L’étherophone de Thérémits (instrument sans clavier). Le piano radioélectrique de Grivelet (instrument avec clavier). Le cellulophone de Toulon. L’orgue radioélectrique de Bertrand.[1]

Dans l’orgue électronique, les sons sont produits par les oscillations électriques de lampes. Le clavier de l’orgue est en contact avec ces lampes. Une touche du clavier, en s’abaissant, forme contact et relie à la lampe oscillante le circuit filtré d’un jeu qui lui donne le timbre cherché et le sonorise dans un haut parleur.

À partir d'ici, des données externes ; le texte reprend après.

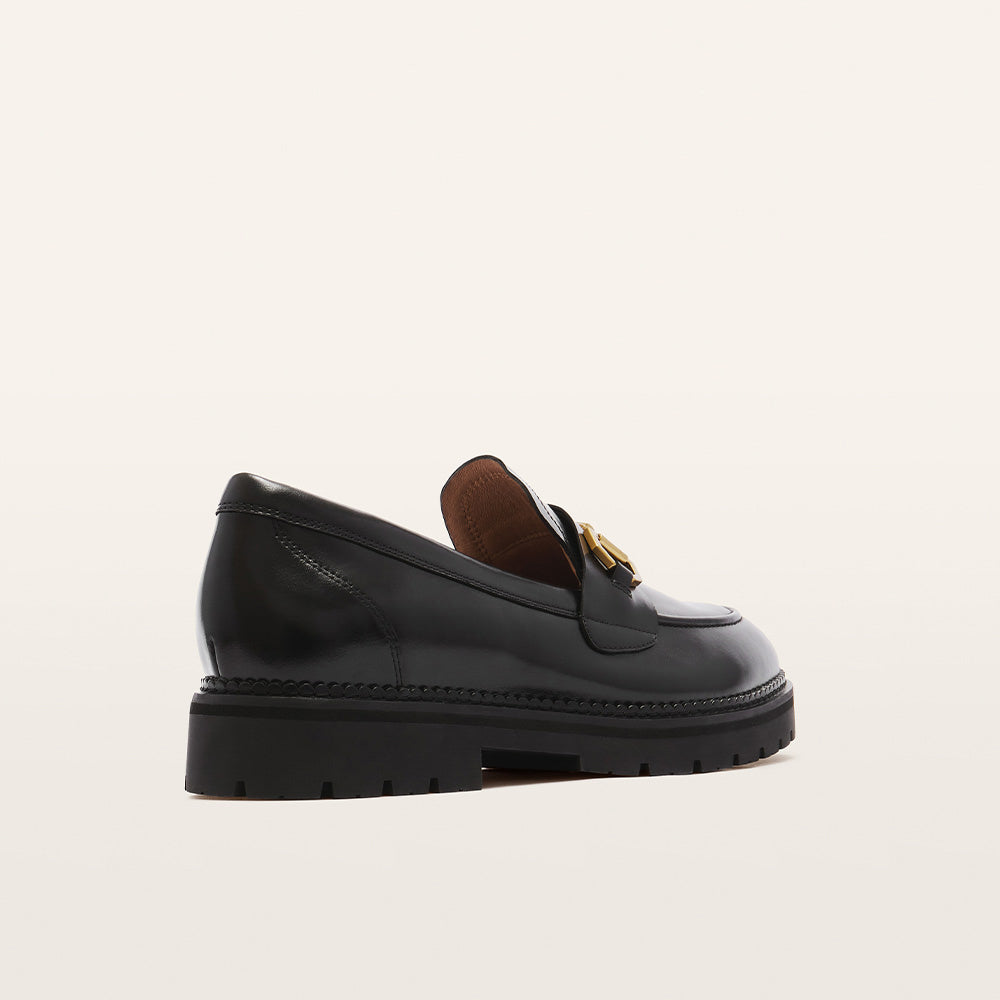 Women's Designer Flats – FRANKIE4 Footwear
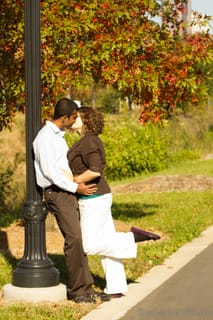 Ajay and Meredith (86 of 87)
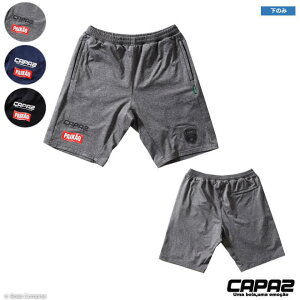 Jp[X W[Wn[tpc [ca-190205 Xgb`W[WV[c] capaz tbgT EFA W[W n[tpc capaz W[Wn[tpc ylR|XszyPiiz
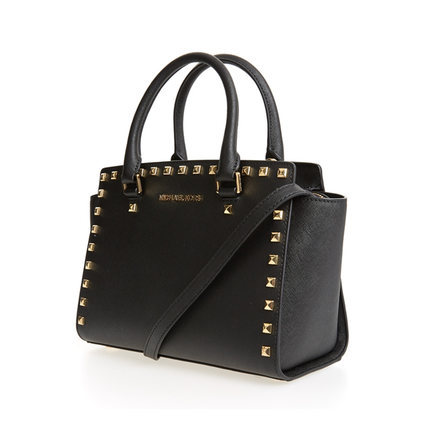 Michael kors/迈克科尔斯正品MK30T3GSMS2L女士时尚单肩斜挎包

f) L’inventeur de l’harmonium de bruiteur. M. Russolo, propose, au point de vue musical la conception de l’« inharmonie ». Il insiste sur les nouvelles possibilités infinies de cette vision musicale absolument différente de l’harmonique traditionnelle. Celle-ci se peut considérer comme verticale, tandis que l’inharmonie peut se représenter dans un développement horizontal du passage des tons bas aux tons hauts et vice versa, dans une forme inharmonique.

242.55 Notation musicale.

a) De même que les chiffres, les notes sont d’invention relativement récente. Guy d’Arezzo aurait le premier imaginé de remplacer les lettres musicales par des points disposés sur des lignes parallèles (1023). D’abord égales en durée, les notes furent ensuite distinguées en blanches, noires, par le Chanoine Jean de Muris (1338). J-J Rousseau et plusieurs musiciens, de nos jours, ont essayé de substituer les chiffres aux notes,

b) Le langage de la musique est d’une telle subtilité que les signes qui le fixèrent demandèrent plus de recherches et exigèrent plus d’essais que le langage ordinaire. Cette notation ne s’établit que plus tard, après beaucoup d’hésitation. Mais comme toutes les inventions humaines, son développement suivit les règles de notre esprit analytique qui ne cesse de viser à une plus grande clarté.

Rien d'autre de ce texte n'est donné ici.